There is a (mostly pine) forest four hundred yards away. On the other side of the road, where the tracks appear to be heading, there are fields, patches of woodland and then a large forest about half a mile away.
The coin in the photos is a ten pence piece, the red markings are spaced at one-inch apart.
I hope this is enough information for a positive identification. The pictures were taken with a cheap digital camera, so this is as much detail as we can get.
Thanks for your help.
I would have to say, based on my limited ability in identifying tracks, these are most probably dog. Claw marks are sometime seen in feline tracks but whenevever they are, the pads will be plainly separated. In the case with these tracks, the pads are closer together. The pads also seem somewhat tapered as opposed to rounded shape of feline pads.
Ben Willis, Scottish Big Cats
Bobcat tracks in mud
Detail of bobcat tracks in mud showing claw marks
The images above might be helpful to anyone intersted in indentifying feline tracks.
I photographed these tracks and some others at a small pond near my home. These particular ones are bobcat, but they are typical of the cougar and all lynx species when stalking prey. In order to maintain quietness and stealth, the cat steps in the same spot from front to rear. Whenever these type double-tracks are seen, they are almost assuredly those of a feline.
On a soft substrate such as sand or mud occasionally the claws are often seen within the tracks.
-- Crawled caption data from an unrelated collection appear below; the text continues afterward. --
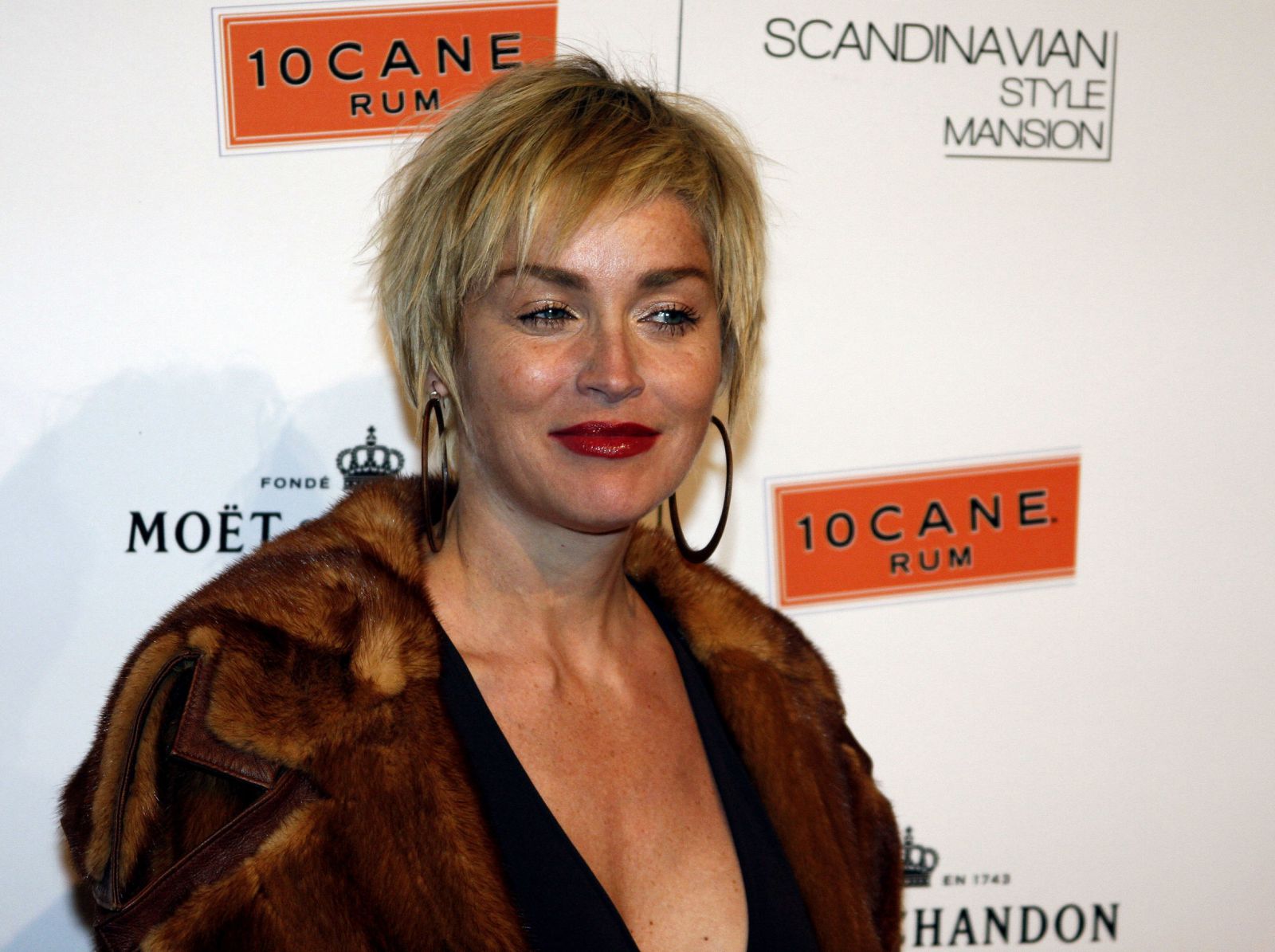 Sharon Stone olhando para o lado e sorrindo usando casaco de pele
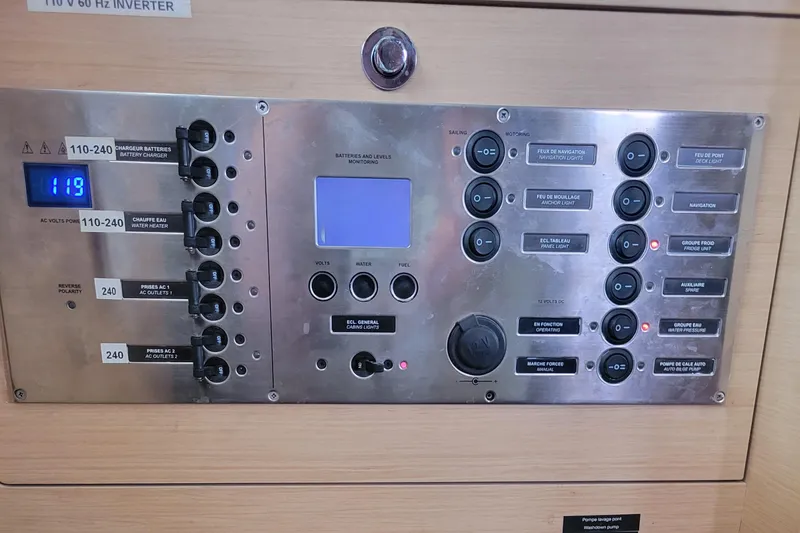 Bear, De Yacht Photos Pics Control panel of a 2011 Lagoon 450 yacht, featuring switches and digital display.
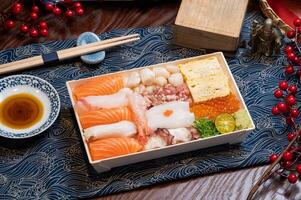 Salmon Mixed Seafood Don in a dish with chopsticks isolated on mat side view of taiwan food photo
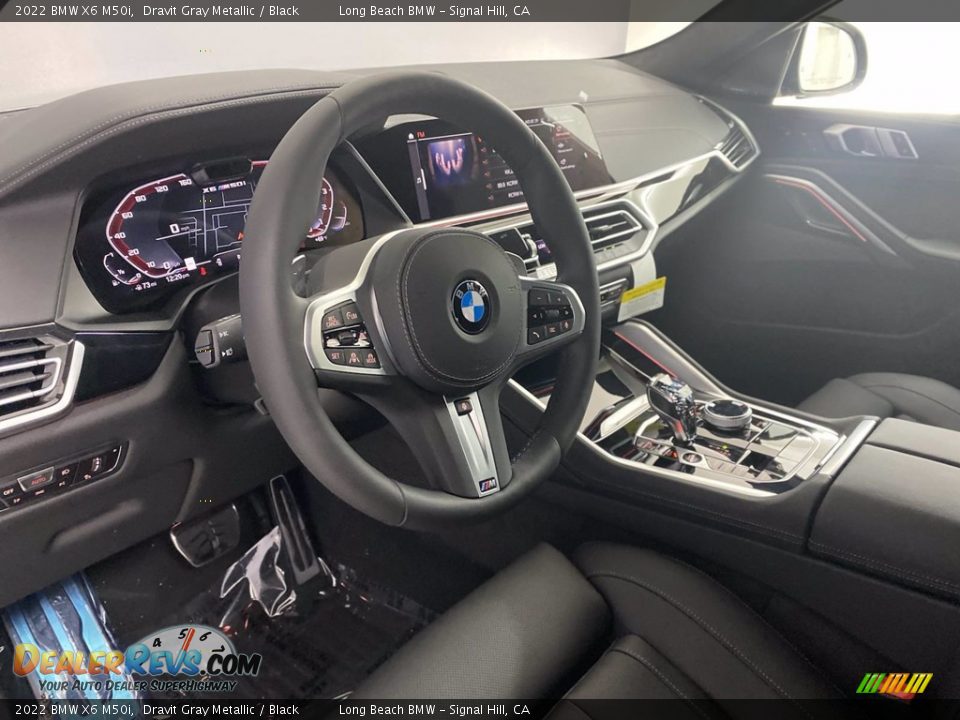 Dashboard of 2022 BMW X6 M50i Photo #13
As the mud pushes upward between the pads, the claws are extended much the same as when we hold and press against our domestic cat's paws.
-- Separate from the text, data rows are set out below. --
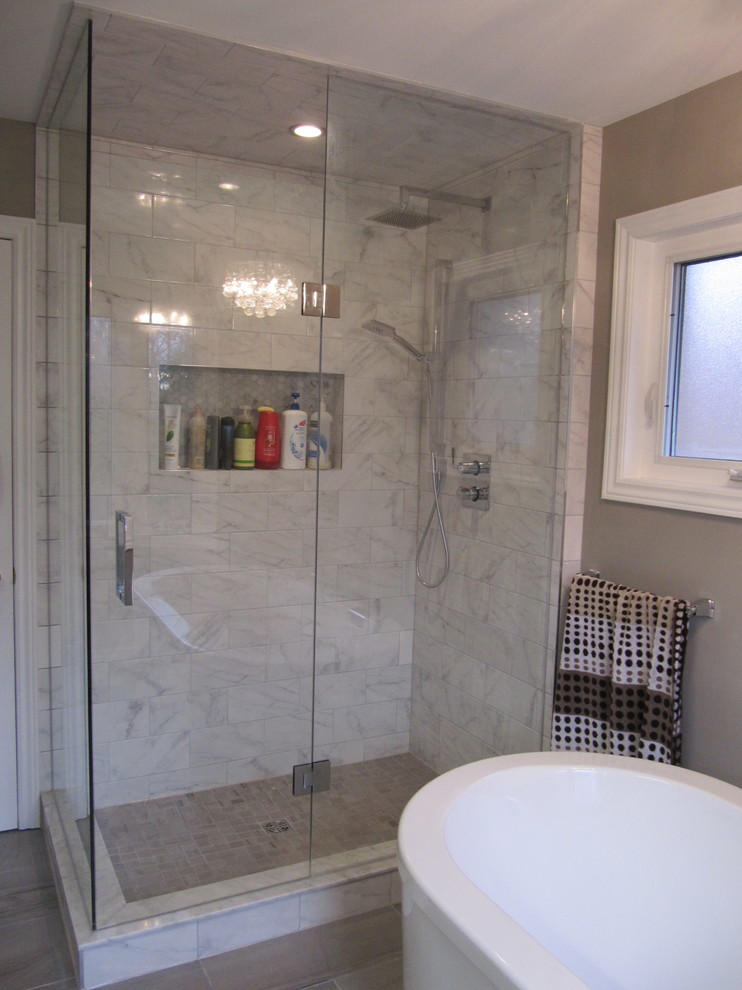 Large modern master bathroom in Toronto with furniture-like cabinets, a freestanding tub, a corner shower, gray tile, porcelain tile, grey walls, porcelain floors, grey floor and a hinged shower door.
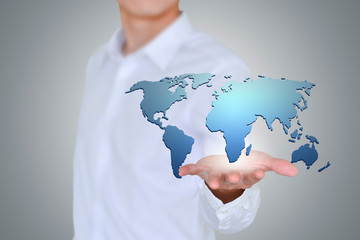 A business man holds a world map.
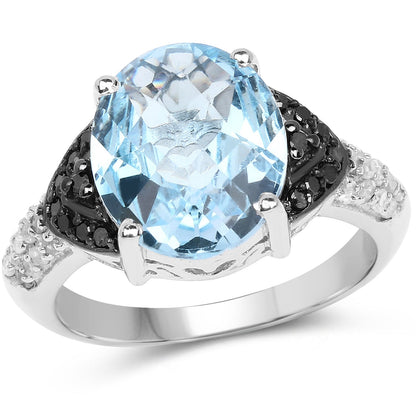 Ring with oval blue topaz center, black diamond halo and white topaz accents in sterling silver on Tampa Home & Garden Store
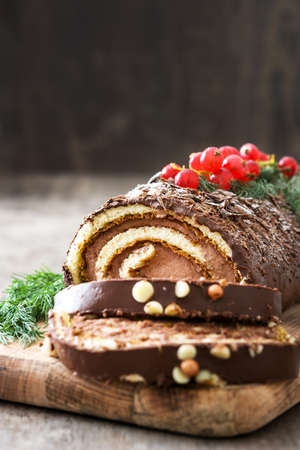 Christmas chocolate yule log cake with red currant on wooden background.copyspaceの写真素材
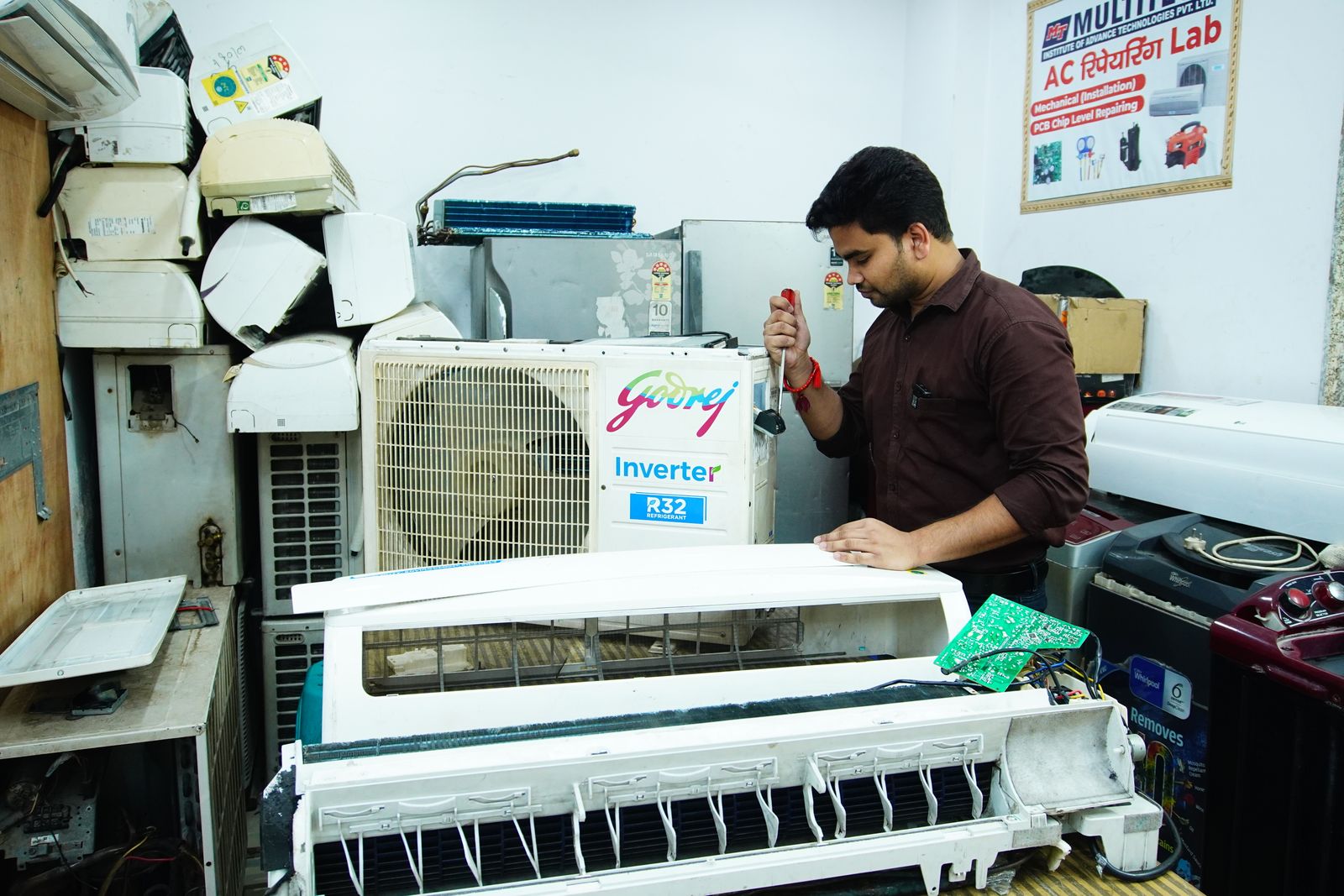 South Asian HVAC technician repairing an air conditioning system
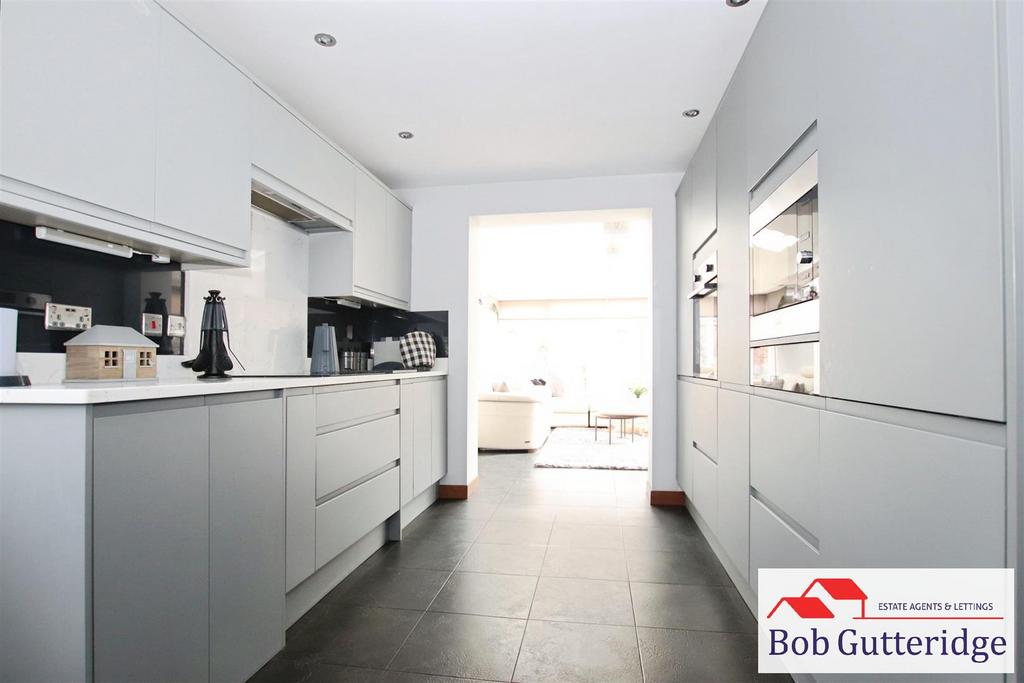 Open plan fitted kitchen / dining room
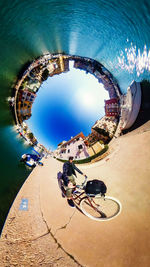 Ferris wheel in city against blue sky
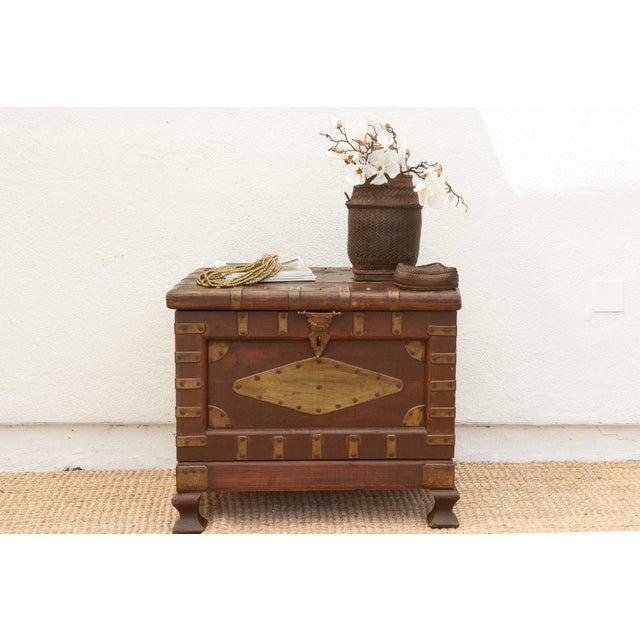 Chart a course for distinctive style with this captivating vintage teak and brass trunk, a piece that whispers tales of...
Thanks, Chris, for getting back to me. I'll have a look at the URL immediately.
Personally, I am convinced that the tracks are not a dog, but as I said, I don't know a lot about tracks.
However, I do a bit of graphic work, as does my friend Steve, and we scanned in tracks from a book and tried to match them against the photos. No native animal matched, and the dog definitely didn't.
However, the lynx tracks matched to perfection: the gait, the pawprints, and most tellingly, the markings in the centre of each pawmark.
You probably all have other things to occupy you, but I would be happy to send the comparison shots if anyone feels there is any point in seeing them.
All the best
I have looked at the website, and, not having seen the photos for a few weeks, I did notice the pointed look to some of the pad marks, which does tend to suggest a dog.
On the other hand, there are places in my photos where the tracks are plainly superimposed one upon the other, so that the beast appears to have six or seven 'toes', and I note Ben Willis' comments, 'almost assuredly a feline.'
Of course, I recognise that I would be delighted to be fully convinced that there is a lynx in the neighbourhood - whereas I'd be disappointed to find out that it was just a dog. Nevertheless, taking this bias into account, I remain sure (about 85% !) that what I saw was a lynx.